- Born: Paerau Corneal 1961 New Zealand
- Education: Waiariki Institute of Technology
- Known for: Ceramics, pottery

= Paerau Corneal =

New Zealand potter and ceramicist

Paerau Corneal (born 1961) is a New Zealand ceramicist.

==Education==
Corneal holds a certificate in craft design (1988) and a diploma in craft design Māori (1991) from Waiariki Institute of Technology. She is of Ngāti Tūwharetoa and Te Āti Haunui-A-Pāpārangi descent.

==Career==
Corneal has exhibited both internationally and nationally since 1988. A consistent theme in her work is Māori female empowerment. From 2013 Corneal has collaborated with contemporary Māori dancer Louise Potiki Bryant. Their performance work entitled Kiri references a creation narrative of the first Māori human, Hineahuone, and opened for the 2014 Tempo Dance Festival in Auckland.

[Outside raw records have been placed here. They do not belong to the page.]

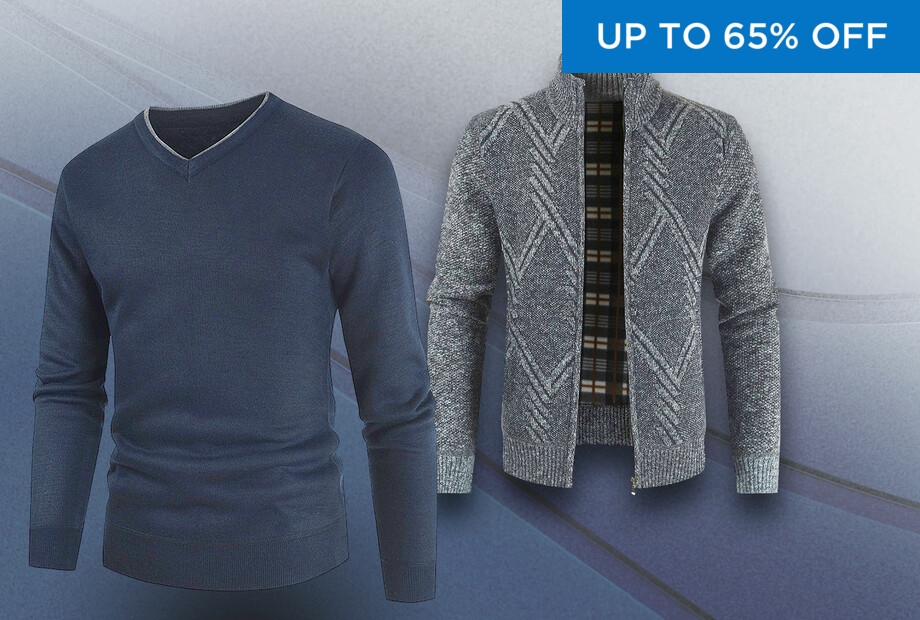 Billionaire Italian Couture Blue Cashmere Sweater main image 0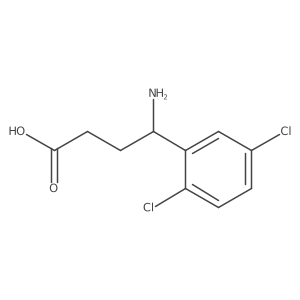 4-Amino-4-(2,5-dichlorophenyl)butanoic acid结构式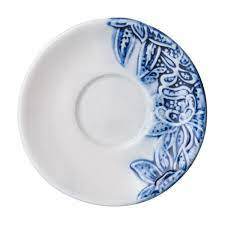 Batik Espresso Saucer Ivory Gloss - Jenggala Keramik Bali - Ceramic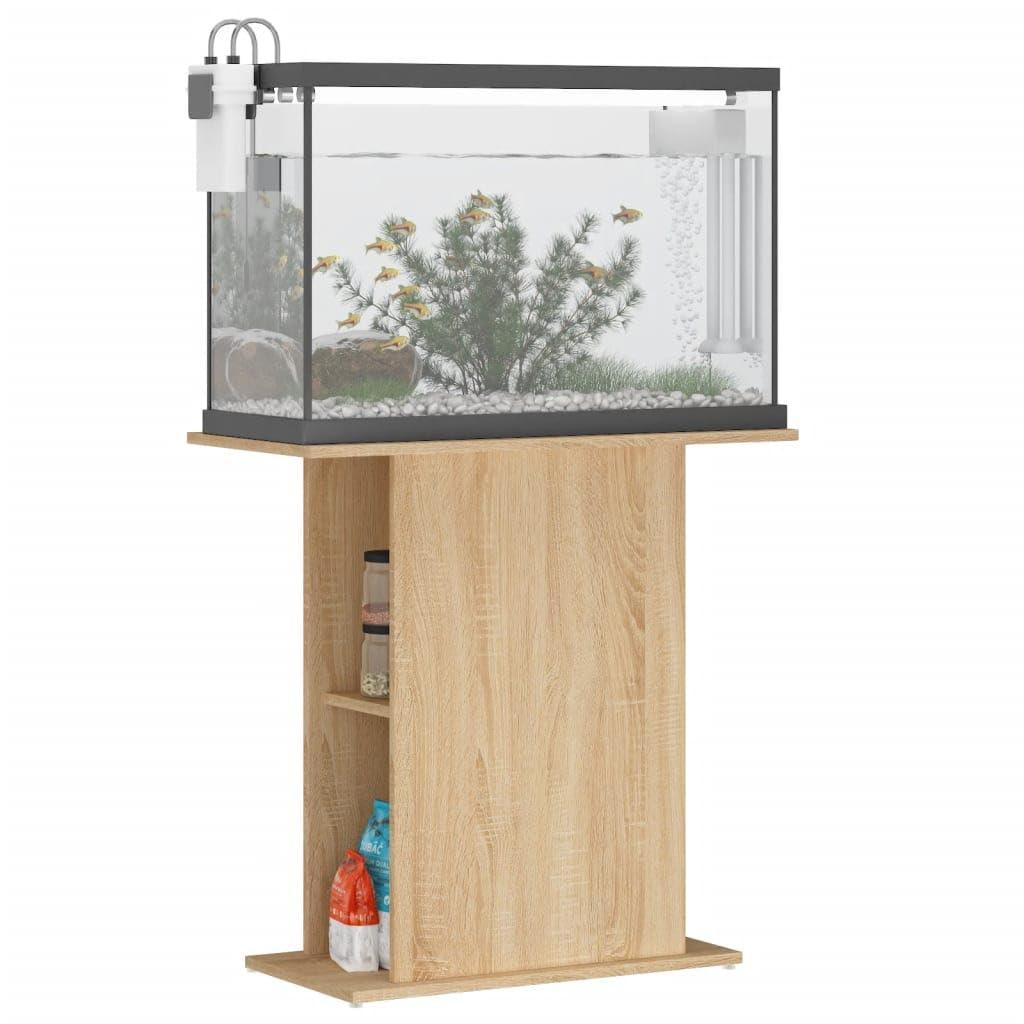 Tomostar Support pour Aquarium Meuble de Base chêne sonoma 75x36x72,5 cm
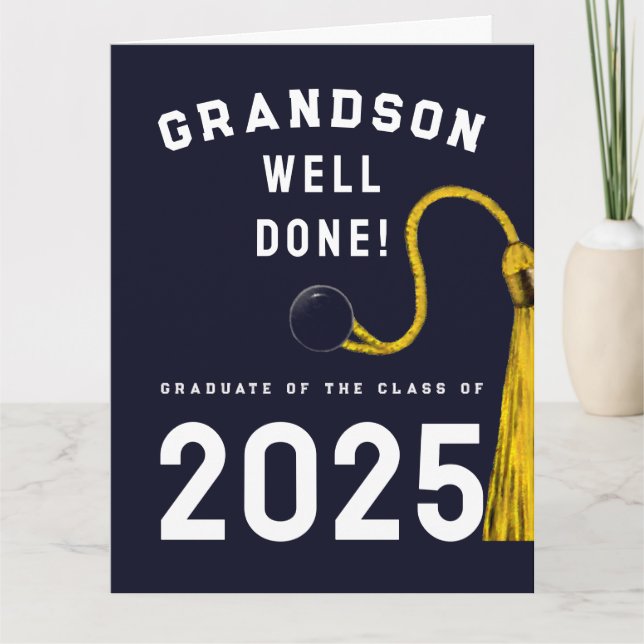 Grandson Studenten 2025-kort Kort (Framsida)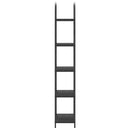 Bogreol 5 niveauer 60 x 30 x 183 cm Konstrueret træ Sort eg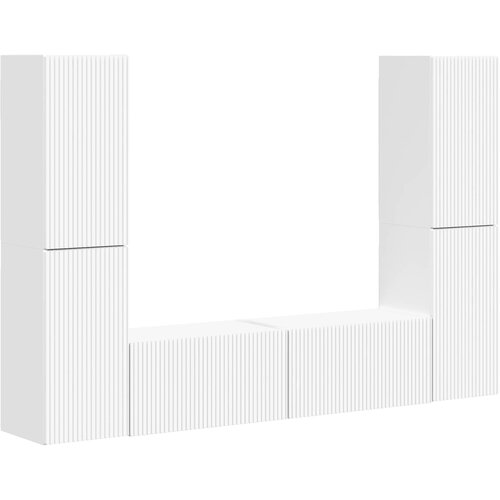  Set TV komoda 6 pcs Bijelo Konstruirano drvo Slike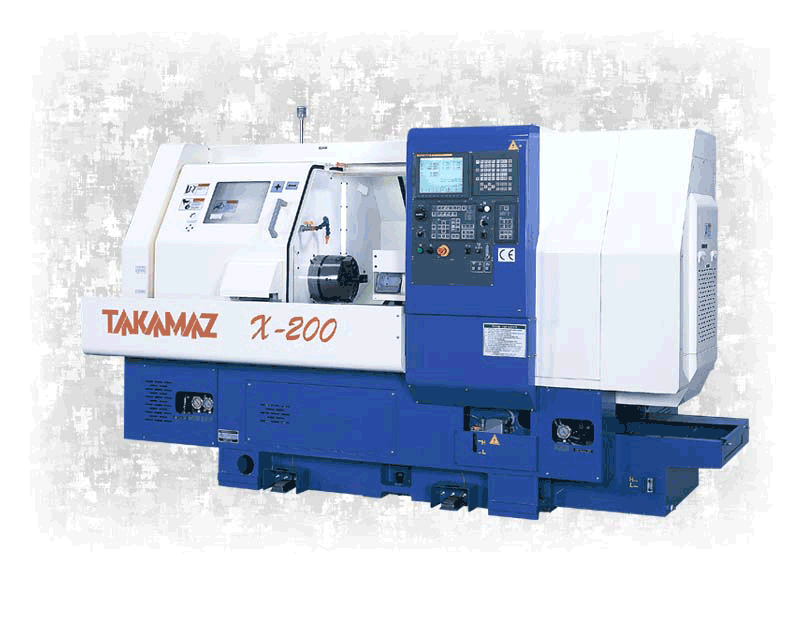 Tornio CNC TAKAMAZ X-200 con contromandrino e 12 stazioni tutte motorizzabili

Throughout her career, Corneal has been involved in varying artist collectives. She was a founding member, alongside Manos Nathan, Baye Riddell, Wi Taepa and Colleen Waata Urlich of Ngā Kaihanga Uku, a collective of Māori clay workers.
Corneal was also involved with Kauwae, a collective of Māori women artists formed in 1997; Te Rōpū o Ngā Wāhine Kai Whakairo, a collective of Māori women carvers and Haeata Women's Collective.

==Selected exhibitions==
- 2013-5 Uku Rere, Ngā Kaihanaga Uku. Pataka Art + Museum; Whangarei Art Museum Te Manawa Toi; the Suter Art Gallery Te Aratoi o Whakatu; Waikato Museum Te Whare Taonga o Waikato; Tairawhiti Museum Te Whare Taonga o te Tairawhiti; and Te Manawa Museum of Art, Science + History.
- 2014 Slip Cast, The Dowse Art Museum
- 2009 Kauwae 09, Kauwae Group, a national collective of Mäori women artists. Tairawhiti Museum.
- 2005 Manawa: Pacific heartbeat. Spirit Wrestler Gallery, Vancouver.
- 2003 Kiwa: Pacific connections: Maori art from Aotearoa. Spirit Wrestler Gallery, Vancouver.
- 2003-5 Ngā Toko Rima, Ngā Kaihanga Uku. Museum of New Zealand Te Papa Tongarewa; Tinakori Gallery, Wellington.
- 2002 Sisters Yakkananna/Kahui Mareikura. Tandanya National Aboriginal Cultural Institute, Adelaide.
- 1998 Uku! Uku! Uku! International Festival of the Arts, Wellington
- 1992 Treasures of the Underworld. World Expo, Seville; Museum of New Zealand Te Papa Tongarewa.

==Collections==
Corneal's work is held in the collection of the Museum of New Zealand Te Papa Tongarewa.